Lynn Crooks died on Sunday, the U.S. Attorney's Office for North Dakota announced. He was 83 years old.
Crooks was an assistant U.S. attorney from 1969 to 2002 and led the prosecution team at Peltier's trial in Fargo. Peltier was convicted in connection with the 1975 shooting of two FBI agents on the Pine Ridge Reservation in South Dakota. He was sentenced to life in prison and was recently denied parole.
Crooks also charged Yorie Kahl and Scott Faul in connection with a fatal 1983 shooting near Medina, North Dakota, that left two federal marshals dead. Kahl was the son of Gordon Kahl, a member of the anti-government group Posse Comitatus, who was also involved in the shooting.
Crooks has served in a variety of roles throughout his career, including first assistant U.S. attorney and acting U.S. attorney. In 2000, he told the Associated Press that his calling was to be a federal prosecutor.
“If I had the opportunity to go back and change everything, I wouldn't change a thing,” Crooks said at the time. “I don't think there's a better job for a lawyer.”

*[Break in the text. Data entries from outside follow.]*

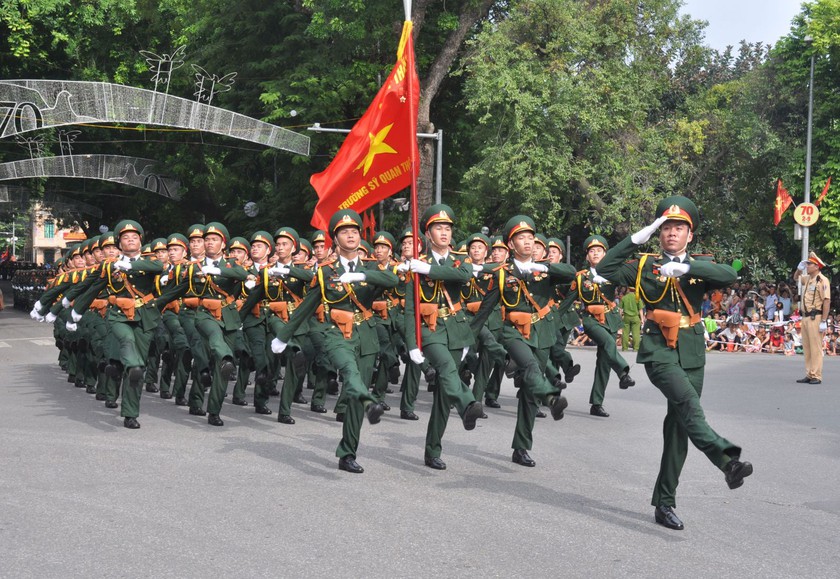 Bảng lương dự kiến của sĩ quan quân đội từ 1/7/2024- Ảnh 1.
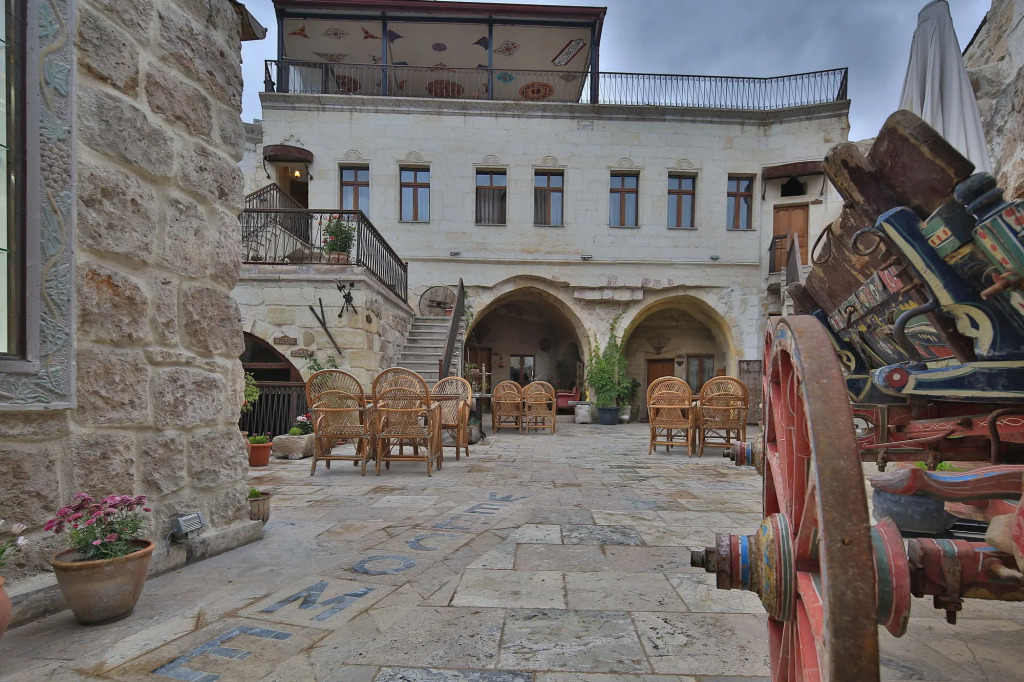 Chelebi Cave House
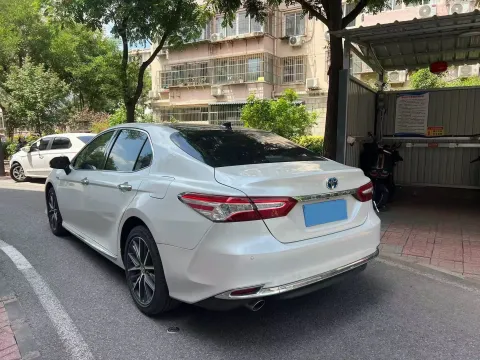 2023 Toyota Camry 2.5L 178HP L4 E-CVT Hybrid,autocango,china used car exporter,china ev exporter,chinese used car exporter,chinese used ev exporter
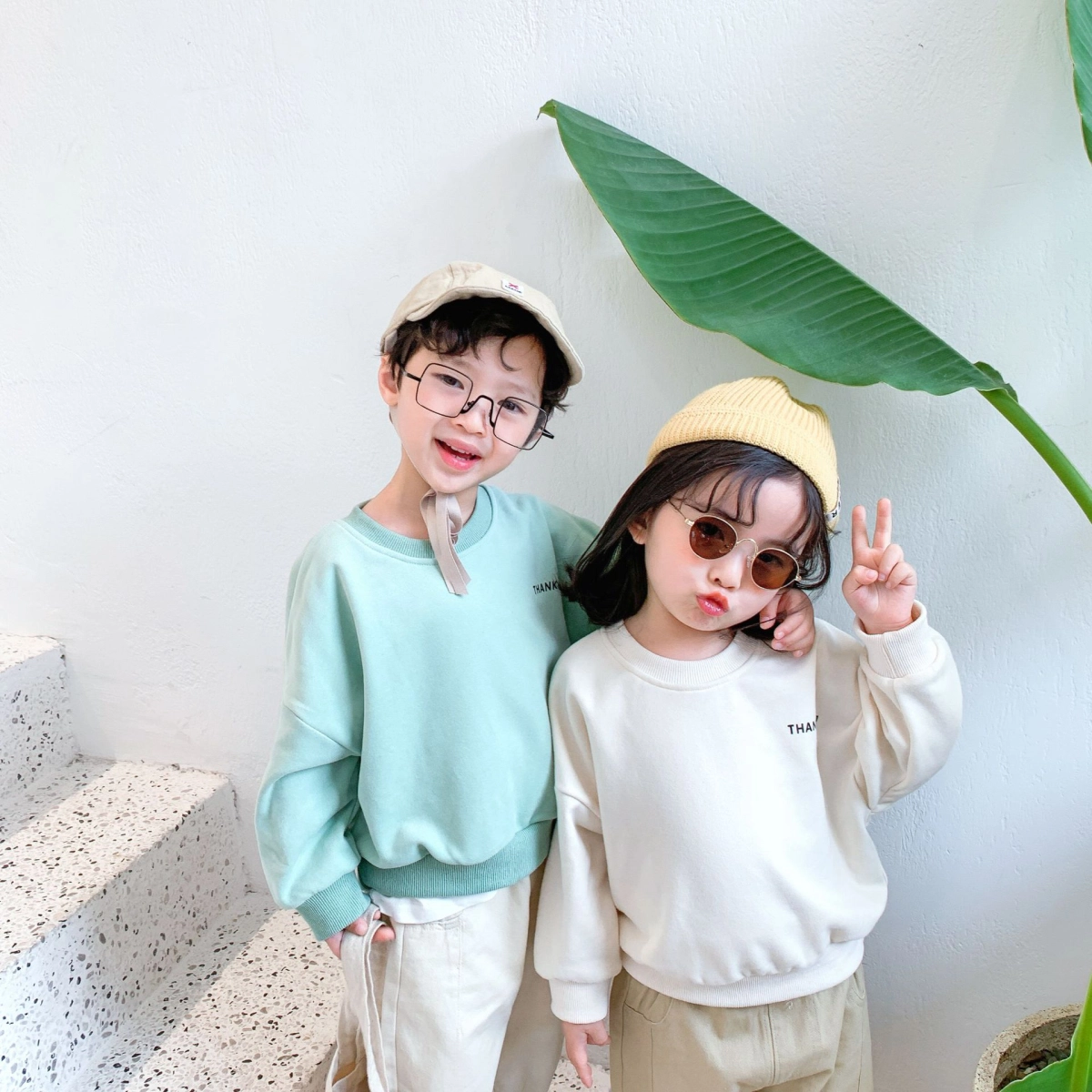 Avatar cặp em bé đáng yêu ngộ nghĩnh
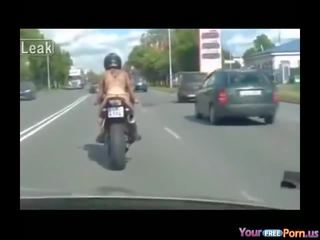 裸體 上 motorcycle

In 2016, he supported a ballot initiative that would add crime victims' rights to the North Dakota Constitution.
North Dakota U.S. Attorney Mac Schneider issued a statement Monday praising Crooks.
“While North Dakota will remember Lynn as a prosecutor of challenging and consequential cases of national importance, his colleagues will remember him as a kind and generous man who was never too busy to help a friend or guide a young lawyer,” Schneider said.
He also praised Crooks as “possibly the greatest prosecutor in the history of North Dakota.”